Why is there always an index.html file and an index.js file

In all of the quality assurance projects there are repls with an index.html file and an index.js file

I was wondering what kind of code/information/actions you’re meant to place in each (for future reference when I build my own full repl)

Why not just have one single index file? What are you trying to seperate out?

e.g.


the two files might share a name, but they are written in different languages, thus serving different purpose.
As you might guess, the html file is your document main content, or at least the one the browser would look for. Its like the root, where links to other data and features of your document are available. You will find a link to the css file, which is responsible for the document styling. You can find links to images, frameworks as well as other content of your page. You can also find script reference, leading to your logic, which is commonly established via javascript. Instead of include the logic in the same document, between the script tags of the html, it would link to a separate file, wrote in the JS conventions, where the logic of your document will take place. The more complex and large your web app becomes, the more files you would want the content to be split, to have some sort of structure. In theory, you can write your whole page in one big file, the logic, the html structure, the styling and whatnot, but it will produce one big abomination it would be hard to work with. Humans like thigns to be ordered and structured(most of the time) so our brains can work with the current task, the current problem instead of dealing with a huge mess. You can even notice, how in the project files, the logic itself is split into separate files, some representing simply the data, some including a specific logic, some including test suite and so on.
PS: index is a naming convention, but beside that, many tools would target that name by default. For example, if you want to import a file from a given folder, using JS, if you dont provide a file name, the file named ‘index’ will be targeted by default.

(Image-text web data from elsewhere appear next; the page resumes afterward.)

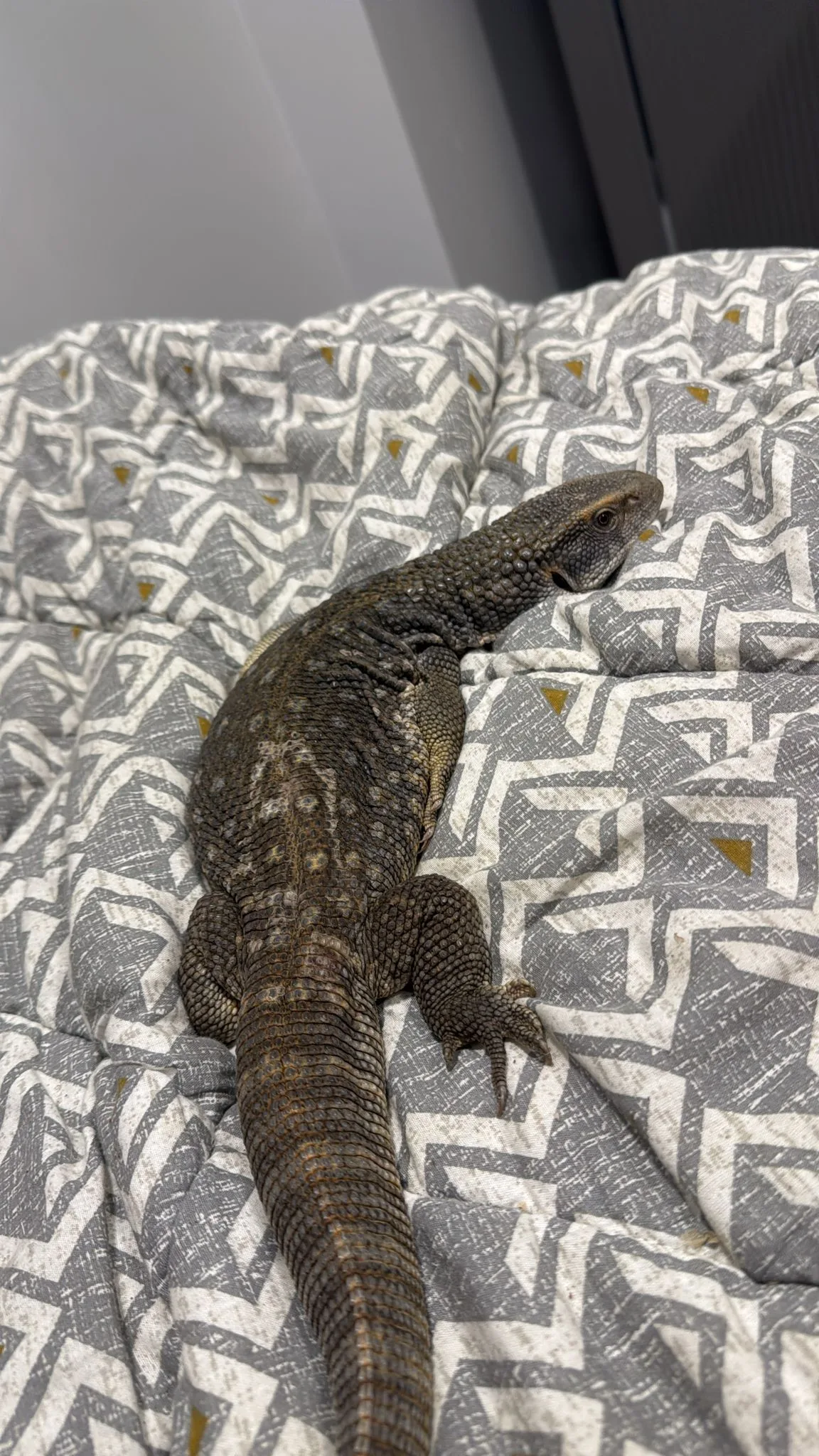Yasal evraklı belgeli 55cm savannah teraryumu vitaminleriyle birlikte verilecektir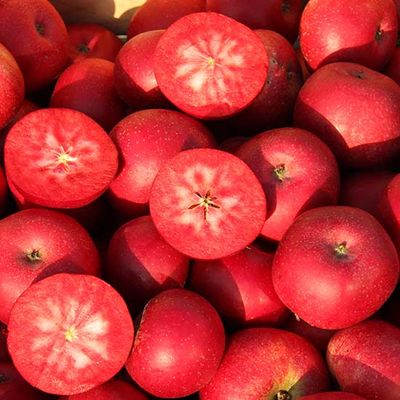 Rosette Apples in Barrow bags shake & catch harvested Rosette Apples in Barrow bags shake & catch harvested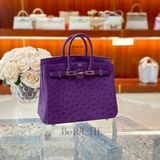  Birkin B25 Ostrich Anemone PHW 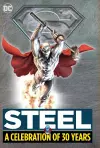 Steel: A Celebration of 30 Years cover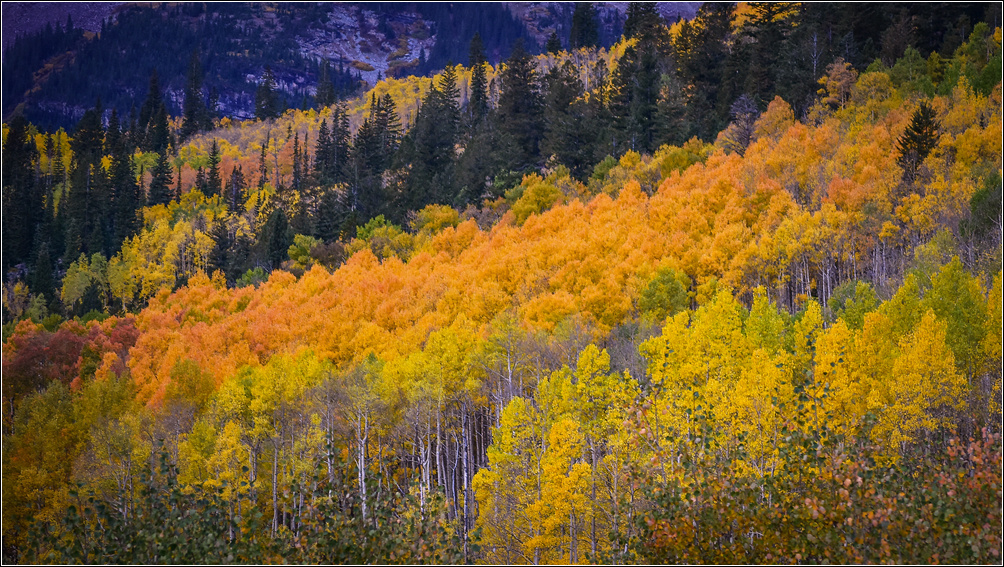 DSC_2395_1.jpg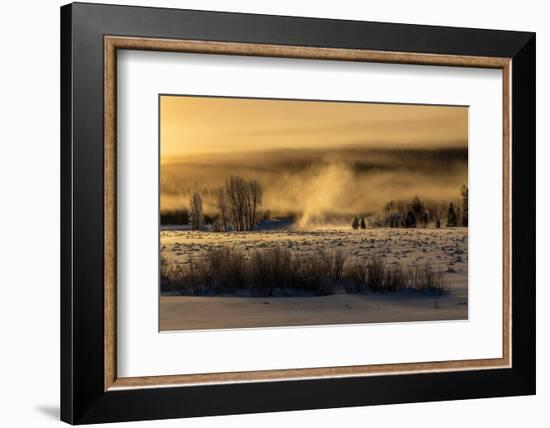 Mist rises from the Snake River on a cold morning, Wyoming-Tim Laman-Framed Photographic Print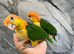 Hand-Rearing Baby Friendly Super Tame Caique Parrot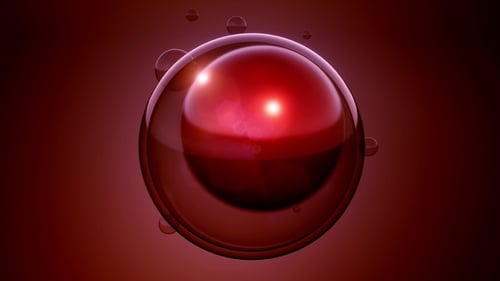 Girar divisão celular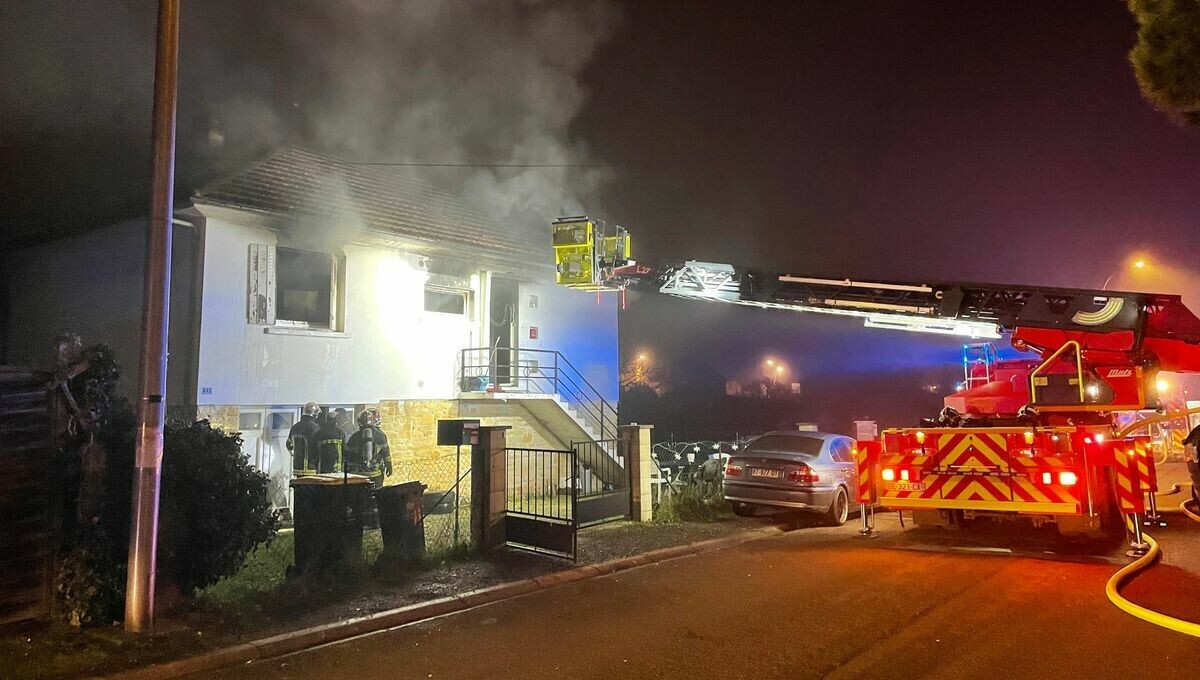 Le serpent offert à Noël meurt dans l'incendie d'une maison en #Dordogne pendant la nuit du Nouvel an
➡️ l.francebleu.fr/QIkH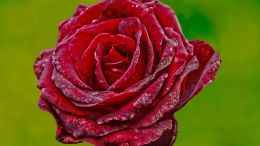 The Paper-Mache Rose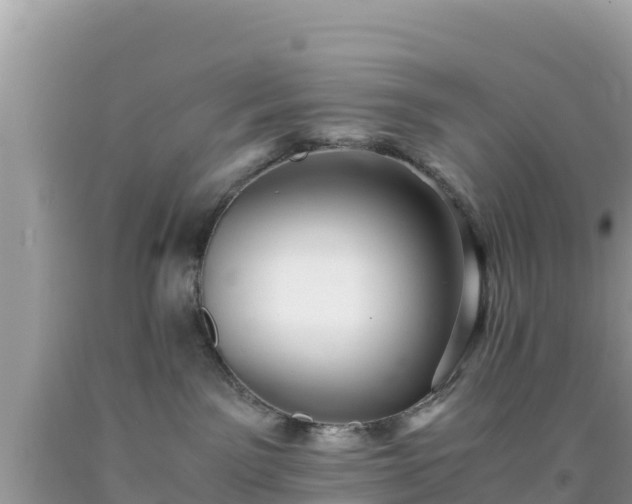 X0000092020141200709131605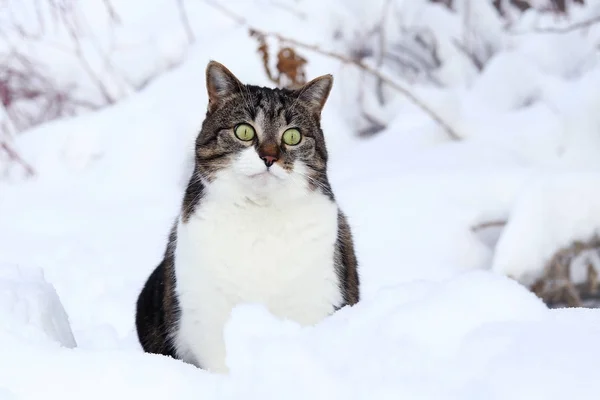 Lindo Gato Cabelos Castanhos Fica Curiosamente Neve — Fotografia de Stock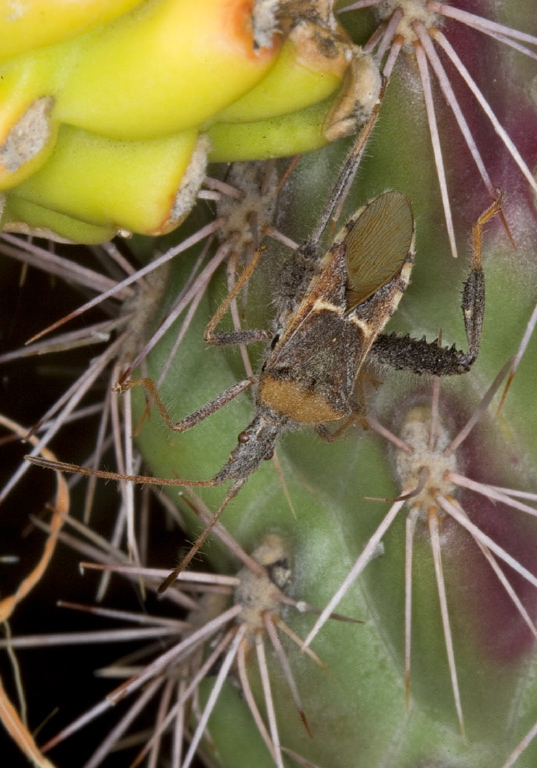 Narnia snowi? Coreidae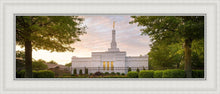 Load image into Gallery viewer, Nashville Trees
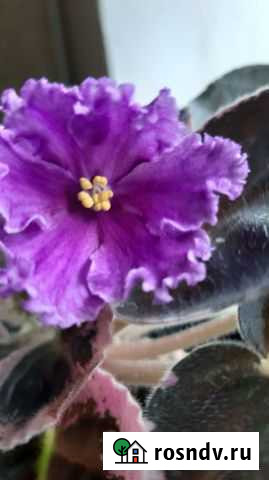 Фиалки Ханты-Мансийск - изображение 1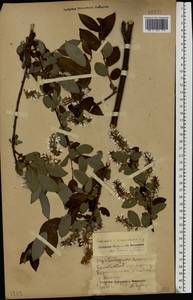 Salix myrsinifolia subsp. myrsinifolia, Eastern Europe, Volga-Kama region (E7) (Russia)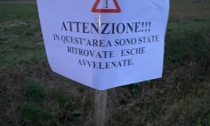 Bocconcini avvelenati al parco, allarme tra i padroni di cani in paese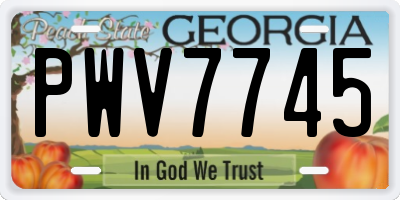 GA license plate PWV7745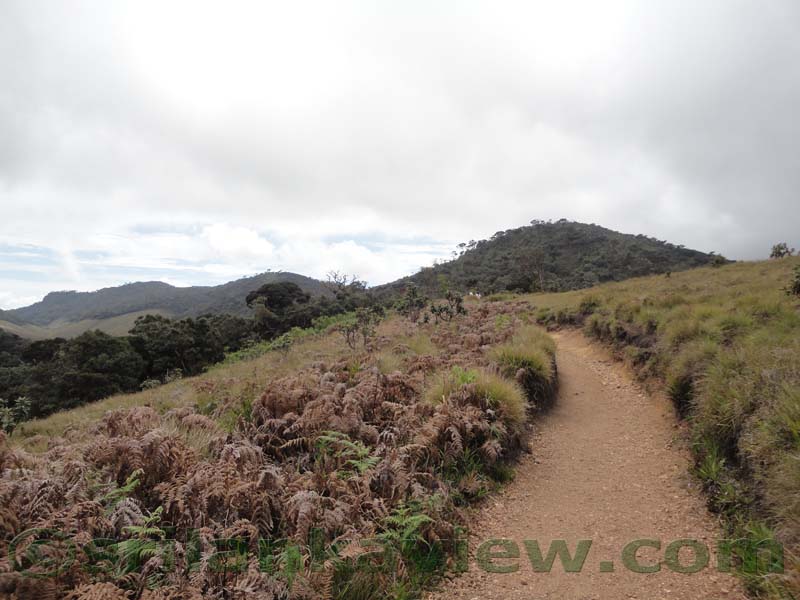 Horton Plains National Park and vicinity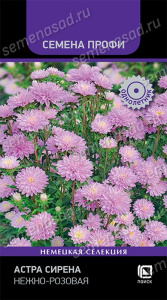 Астра Сирена Нежно-розовая купить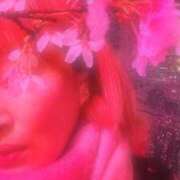 ヒメ日記 2026/04/03 01:41 投稿 にこ 熟女の風俗最終章 本厚木店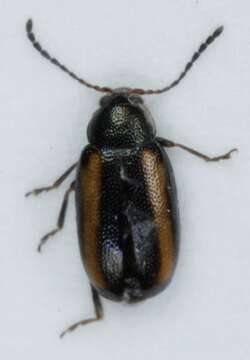 Image of <i>Phyllotreta vittula</i>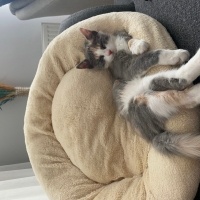 Tekir Kedi, Kedi  Fıstık fotoğrafı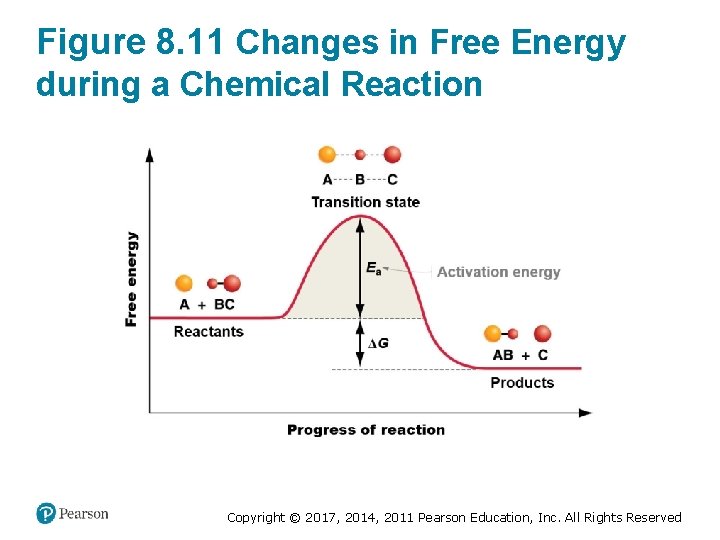 Figure 8. 11 Changes in Free Energy during a Chemical Reaction Copyright © 2017,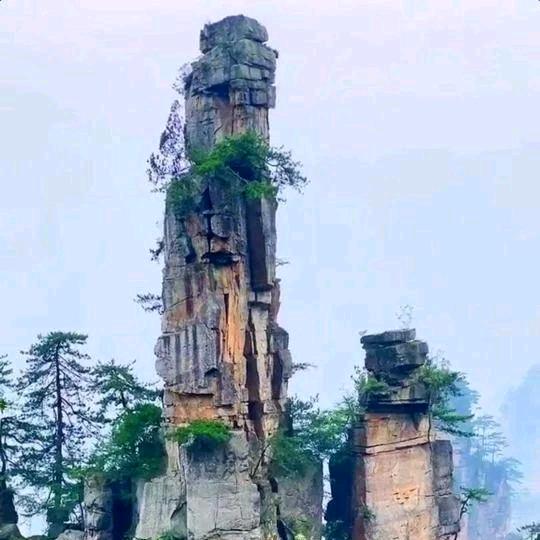 峻岭清风播客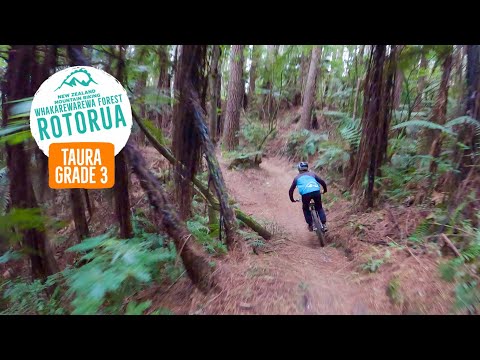 A great addition to the Whakarewarewa Forest Loop - Taura, Rotorua
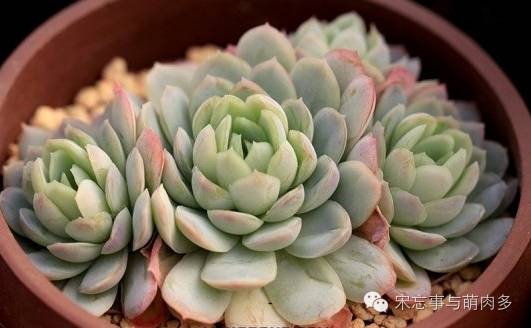 月影多肉植物_紅邊月影多肉_多肉月影怎么養(yǎng)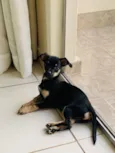 Filhote de pinscher - macho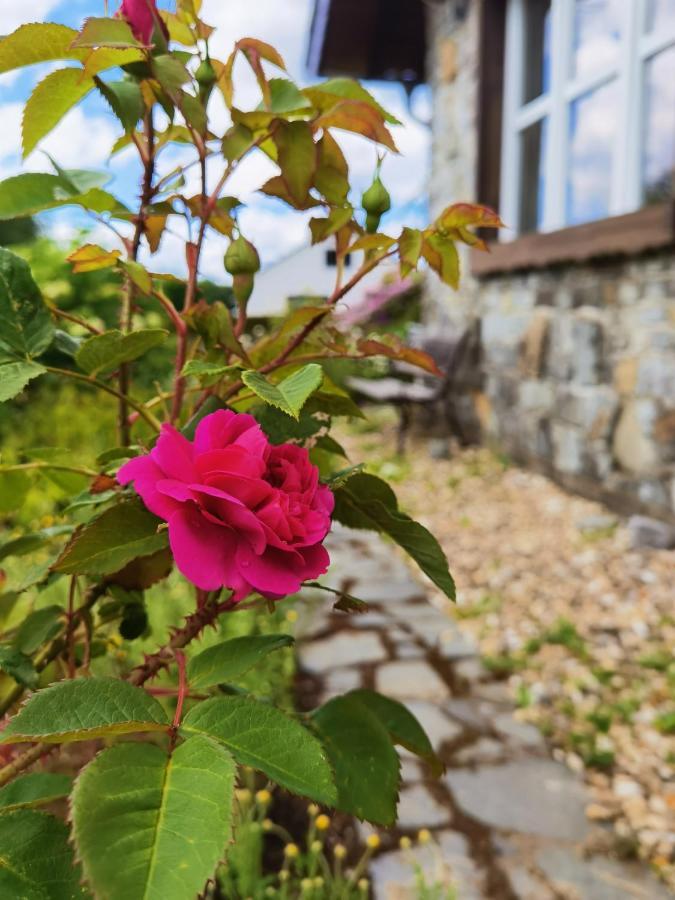 Ferienhaus Eifelrose Simmerath Eksteriør bilde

Just as a word of warning: this is explicitly not default behaviour, it’s just how some tools work, as a convenience. JS requires fully resolved file names. It’ll work in something like the environment that this project is being developed in, and it’ll work fine (I rely on this behaviour quite a lot). But if you use actual JS modules, eg in a browser environment, this will just fail, because there’s no file specified, so there’s nothing to import

It is how Node resolves CommonJS file imports. If there isn’t a configuration set that specifies which file to look for first, then it will default to using index.js if there is a file of that name in the folder it’s searching in. And most current build tools use Node, so they’ve inherited this behaviour.